Bayram tatilinizin güzel geçiyor olması dileklerimle.

PER SE TADIM MÖNÜSÜ

Per Se restoranın tadım mönüsü, sezonda ve pazarda o hafta ve o gün ne bulunduğuna bağlı olarak günlük değişiyor. ‘A la carte’ mönüsü de çok etkileyici. Gitmeyi düşünürseniz tam iki ay öncesinden aramanız öneriliyor

(Tel: 001-212.823.9335; www.frenchlaundry.com).
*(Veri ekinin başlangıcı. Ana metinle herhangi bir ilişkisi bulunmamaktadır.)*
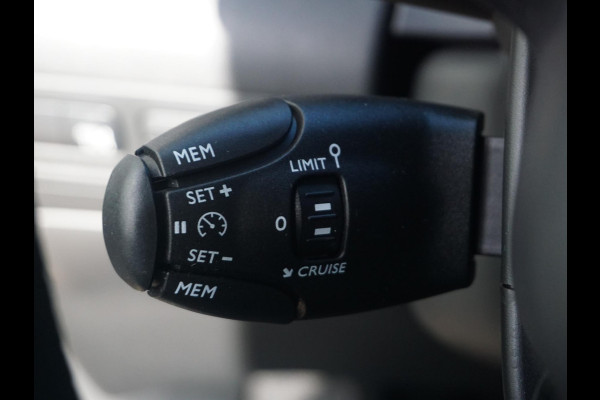 Citroën C3 Aircross 1.2 PureTech Shine Pack Business Grib control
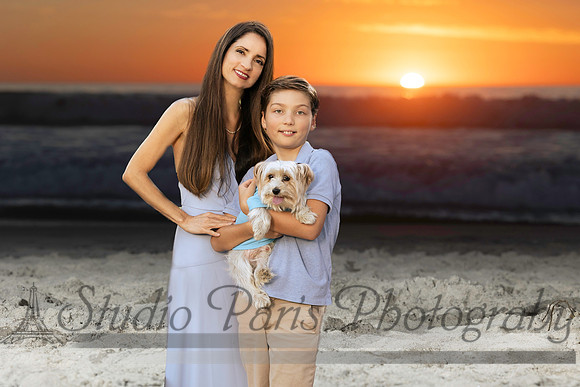 Lore Teran beach2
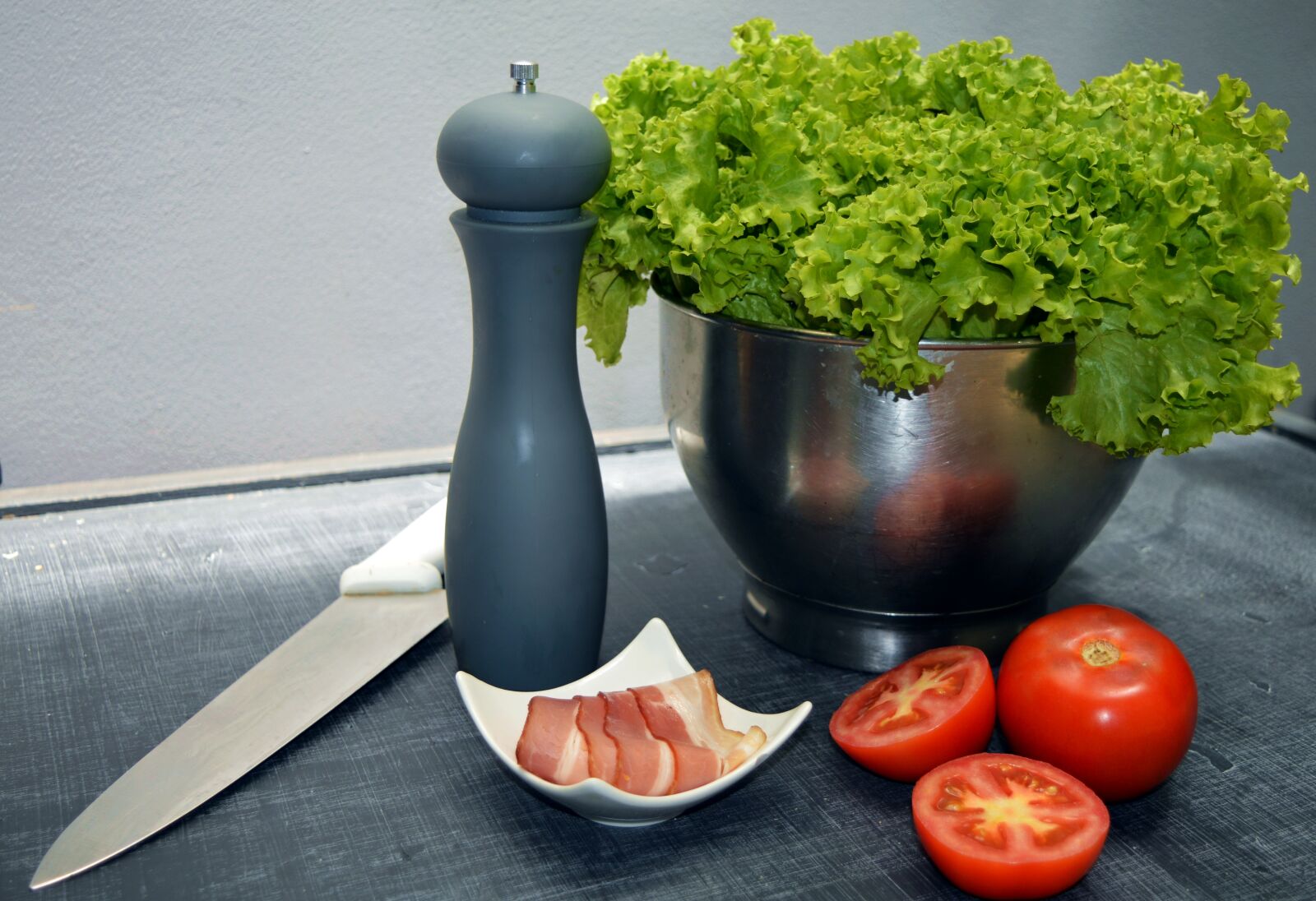 Nikon D3200 sample photo. Tomato, lettuce, legumes photography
Meraklı okurlarımın Keller’in yaratıcı kombinasyonlarını daha iyi hayal etmelerini sağlamak için mönünün ayrıntılarını aşağıda veriyorum.

1. Karnıbahar ‘panna kotta’: Rus Sevruga havyarı ile.
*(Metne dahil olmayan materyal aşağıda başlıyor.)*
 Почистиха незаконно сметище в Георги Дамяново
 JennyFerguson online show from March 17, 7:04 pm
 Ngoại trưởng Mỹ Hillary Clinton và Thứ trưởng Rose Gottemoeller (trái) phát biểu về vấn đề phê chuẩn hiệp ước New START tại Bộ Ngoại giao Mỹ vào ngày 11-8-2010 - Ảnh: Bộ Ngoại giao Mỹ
2. Fua-gra (kaz ciğeri) sote: Porto şarabında pişirilmiş taze incir sosu, kızartılmış brioş ekmeği ve muz dilimleri ile.

3. Izgara Atlantik ton balığı: Üzerinde poşe bıldırcın yumurtası, rokalı sarmısaklı mayonez ile.

4. Vakumda pişmiş Nova Scotia ıstakozu: Çıtır pançetta, trüf emülsiyonu soslu börülce üzerinde.

5. Fırında yavaş pişirilmiş tavşan sırtı: Kestane şekerlemesi ve yaban mersinli tava sosu ile.

6. Doğal beslenmiş süt danası: Üzerinde siyah kestane mantarı mus’u, ev yapımı taze niyoki ve avcı sosu ile.

7. Yeşil fasulye ve sarı barbunya fasulyesi salatası: Yıllanmış şeri sirkesi ve biberli tuile ve peynir ile.

8. Pekmezli şeker sorbe dondurması: Kabaklı kek, kabak püresi ve yeşil fıstık sosuyla.

9. ‘Çikolata Tabağı’: Sütlü çikolata ‘crémeux’, çikolata Sacher, tuzlu karamel jölesi, yanında fıstık nugatin ve nugalı dondurma.